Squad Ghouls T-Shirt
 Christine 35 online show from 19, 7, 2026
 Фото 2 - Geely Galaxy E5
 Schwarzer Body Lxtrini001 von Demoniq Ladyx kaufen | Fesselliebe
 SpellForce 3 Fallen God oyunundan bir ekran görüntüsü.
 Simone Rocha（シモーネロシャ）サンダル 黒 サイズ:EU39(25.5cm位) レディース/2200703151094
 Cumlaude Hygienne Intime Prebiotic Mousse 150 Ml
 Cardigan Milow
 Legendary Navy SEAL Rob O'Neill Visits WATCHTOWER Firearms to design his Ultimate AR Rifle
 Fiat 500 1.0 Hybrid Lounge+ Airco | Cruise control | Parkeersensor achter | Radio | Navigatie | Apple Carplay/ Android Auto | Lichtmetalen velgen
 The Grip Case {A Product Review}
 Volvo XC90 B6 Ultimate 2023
════════════════
What you should do -
Starting with the line that contains "The Grip Case", print each line through the last one in the listing. Include both end lines and add nothing.

Your response -
 The Grip Case {A Product Review}
 Volvo XC90 B6 Ultimate 2023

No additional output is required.